The Family, the Paris-based firm that has been helping hundreds of European tech entrepreneurs start and grow their startups over the better part of the last decade, has been hit particularly hard by the COVID-19 pandemic, Tech.eu has learned. Its revenue has been decimated in almost no time as it struggled to make its global dreams come true, forcing it to make major changes to try and chart a course for a brighter future.

The firm has had to significantly downsize its ‘core team’ (more on that later) and to close down the physical offices and operations it had established in London and Berlin, but it will likely also need to shutter its main hub in Paris, which had become something of a staple space within the European tech ecosystem.

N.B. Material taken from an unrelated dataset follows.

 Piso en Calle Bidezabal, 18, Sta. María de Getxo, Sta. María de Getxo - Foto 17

Some of the restructuring had been some time coming, we understand, but the virus outbreak has dragged The Family into a situation where it had to make major adjustments quickly.

The Family has always been a strange beast to me personally, from the day it was founded back in 2013 up until today. It wasn’t and isn’t really a tech startup accelerator, not really an advisory firm, not really a seed investment firm, not really an incubator, not really a physical gathering space for founders, but all of the above rolled into one. Sorta kinda.

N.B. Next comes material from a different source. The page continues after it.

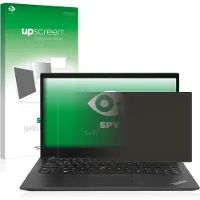 Upscreen Spy Shield Filtre Anti-Espion (14", 16:9)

Be that as it may, the company has raised ~$25 million from a host of reputable VC firms, including Index Ventures, Idinvest, White Star Capital, e.ventures, Hummingbird Ventures, Project A and plenty more, to build up an impressive portfolio with stakes in 200+ startups. It has backed the likes of Algolia, Preply, Docker, TOA Berlin, Heetch and PayFit.

On top of that, The Family also ended up owning majority stakes in a group of companies that includes Kymono (which basically sells ‘startup fashion’), entrepreneurship school Lion, and corporate innovation advisory outfit Pathfinder.

But in a video call earlier this week with The Family co-founder Oussama Ammar, we learned that the main entity, as well its constellation of associated companies, has witnessed its income fall off a cliff in the span of a mere week due to COVID-19.

The Family had come to rely very heavily on revenue from ‘human interaction’, with physical events happening in its hub in Paris almost non-stop, travel overload, and entrepreneurs from around the world taking up Ammar’s, his co-founders’ and the team’s time away from the core fundamentals of helping startup founders scale their businesses. It relied on it so heavily, in fact, that there wasn’t any other decision to be made after the COVID-19 pandemic shook the globe than to significantly scale down and go back to the dealmaking basics.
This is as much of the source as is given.